In WSClean, the scales to fit for do not have to be specified; WSClean will automatically use as many scales as necessary. The delta scale is always present. The next scale is calculated relative to the synthesized beam. Further scales are added by continuing to multiply by two until the scale is larger than the image size.

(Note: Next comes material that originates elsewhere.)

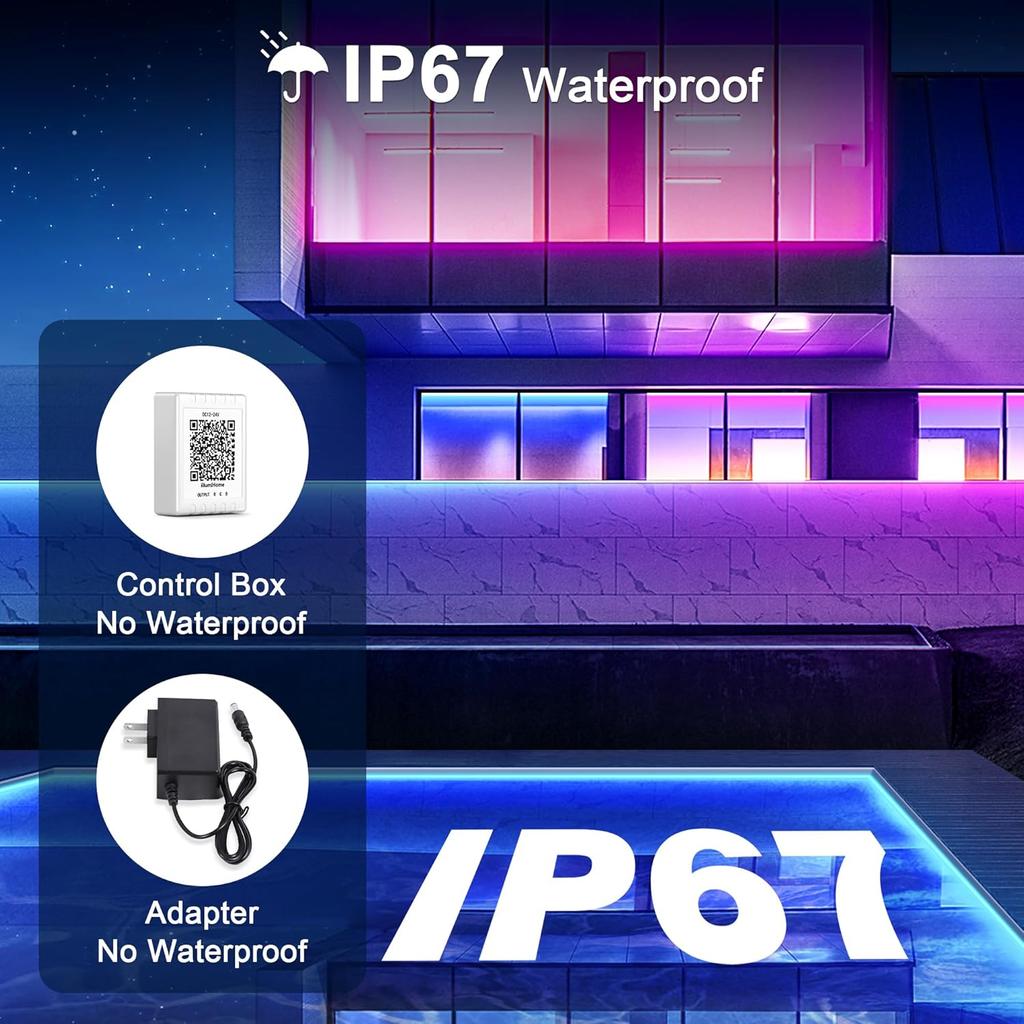 Nexillumi 32.8FT Neon LED Rope Lights IP67 Waterproof LED Lights for Bedroom Flexible LED Light Strip with Remote and APP Control RGB Lighting Strip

Multi-scale deconvolution can be turned on by added -multiscale to the command line. The other clean parameters that are also used for “normal” clean runs, work in multisscale mode in the same way. Here’s an MWA example of a typical multi-scale deconvolution:

wsclean -multiscale -mgain 0.8 -niter 50000 -auto-threshold 5 \
  -size 2048 2048 -scale 0.8amin vela.ms

This is a simple cleaning run, using Cotton-Schwab iterations subtracting 80% of the flux in each major iteration. The output is a normal dirty, residual, etc. image, but the model will be composed of the combination of several scales.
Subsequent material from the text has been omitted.